3. a kind of file correlation computing system according to claim 1 is characterized in that:

Described document pretreatment module is used for document input, different-format is converted to standard format, and extracts the document text;

Word-dividing mode is used for participle is carried out in the output of described document pretreatment module, obtains described first vocabulary.

4. a kind of file correlation computing system according to claim 3 is characterized in that, the first processing module of described justice comprises:

The first labeling module of justice, it is used for using adopted first dictionary that the vocabulary of described second vocabulary is carried out justice unit mark, forms the 3rd vocabulary;

The word sense disambiguation module, it is used for determining the first weight of the pairing a plurality of justice of described the 3rd vocabulary polysemant, or determines that for polysemant unique justice is first, obtains the first justice unit and shows;

Theme semantic vector computing module, it is used for weight is calculated by all justice units of the described first justice unit table, obtains the theme semantic vector by the weight ordering.

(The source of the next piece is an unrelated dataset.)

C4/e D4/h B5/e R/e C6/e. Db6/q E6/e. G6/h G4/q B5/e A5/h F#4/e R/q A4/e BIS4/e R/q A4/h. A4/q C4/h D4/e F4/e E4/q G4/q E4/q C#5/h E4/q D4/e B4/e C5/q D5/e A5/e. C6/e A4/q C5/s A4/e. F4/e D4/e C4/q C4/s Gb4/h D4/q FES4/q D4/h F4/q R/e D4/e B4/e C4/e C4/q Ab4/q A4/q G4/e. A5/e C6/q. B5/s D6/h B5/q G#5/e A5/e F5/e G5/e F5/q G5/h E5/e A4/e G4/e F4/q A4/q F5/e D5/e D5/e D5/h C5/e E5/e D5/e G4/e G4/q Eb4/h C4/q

5. file correlation computing method is characterized in that, may further comprise the steps:

(a), be converted to standard format, and extract the document body matter by document pretreatment module document that will import, different-format;

(b), the output of described document pretreatment module is carried out participle and the vocabulary after the cutting is carried out part-of-speech tagging, obtain first vocabulary by word-dividing mode; Stop words, the function word processing of the vocabulary of described first vocabulary being rejected wherein by the participle post-processing module obtain second vocabulary;

(c), by the first processing module of justice the vocabulary in described second vocabulary is carried out justice unit mark, form the 3rd vocabulary, and the vocabulary in described the 3rd vocabulary handled, determine the weights of the pairing a plurality of justice of polysemant wherein unit or determine unique justice unit for polysemant and show to obtain the first justice unit, weight is calculated by all justice units in the described first justice unit table, obtain theme semantic vector by the weight ordering;

(d), calculate, obtain the degree of correlation of described at least two pieces of documents by the theme semantic vector of file correlation computing module at least two pieces of documents to be analyzed.

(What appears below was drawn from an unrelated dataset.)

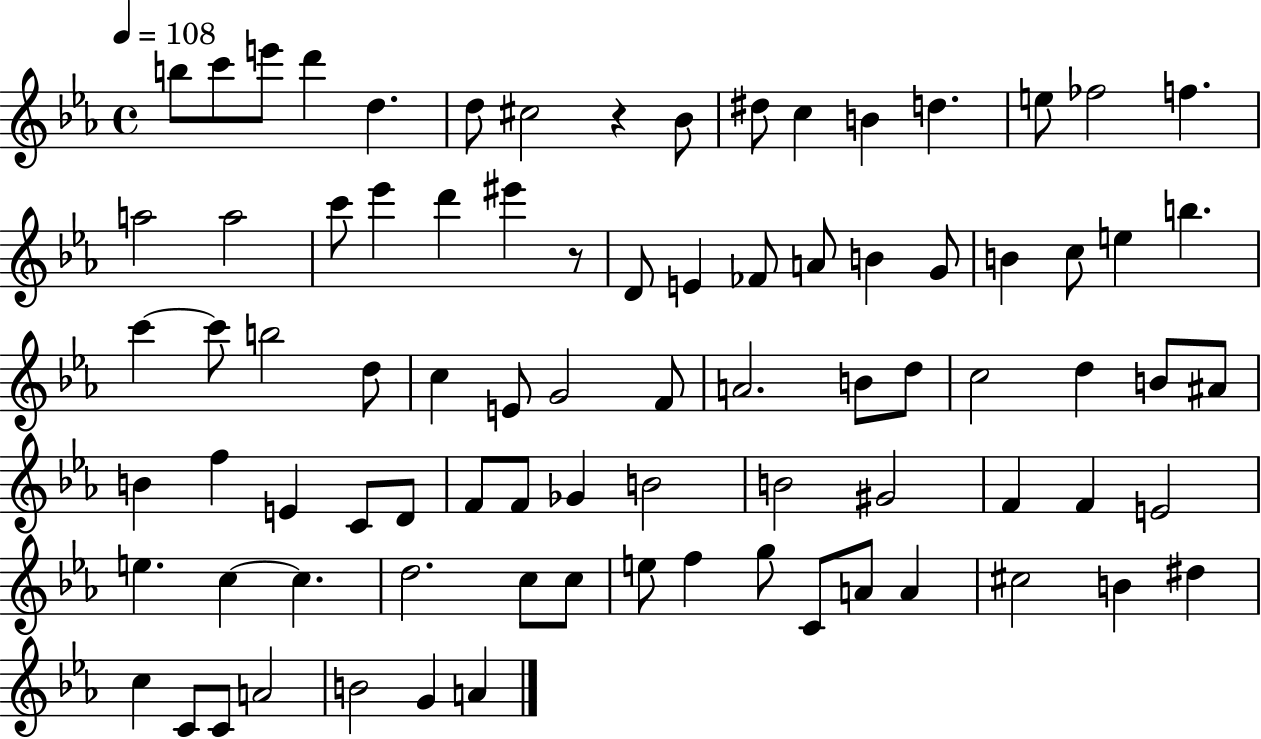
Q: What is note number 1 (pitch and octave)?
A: B5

6. a kind of file correlation computing method according to claim 5, it is characterized in that: in the step (d), the theme semantic vector of described at least two pieces of documents obtains from the first processing module of described justice, or from theme semantic vector storehouse that described file correlation computing module is connected obtain, or from first processing module of described justice and theme semantic vector storehouse, obtain respectively.

7. a kind of file correlation computing method according to claim 5 is characterized in that, step (a) further comprises: described document pretreatment module is obtained corresponding document classification information and heading message.

8. a kind of file correlation computing method according to claim 5 is characterized in that, in the step (c), the method that obtains the theme semantic vector is:

(c1), use adopted first dictionary that the vocabulary in described second vocabulary is carried out justice unit mark, form the 3rd vocabulary by the first labeling module of justice;

(c2), handled marking the first vocabulary of justice in described the 3rd vocabulary, determined the wherein first weights of the pairing a plurality of justice of polysemant, or determined for polysemant that unique justice was first, and obtained the first justice unit and show by the word sense disambiguation module;

(c3), weight is calculated by all the justice units in the described first justice unit table, obtain theme semantic vector by the weight ordering by theme semantic vector computing module.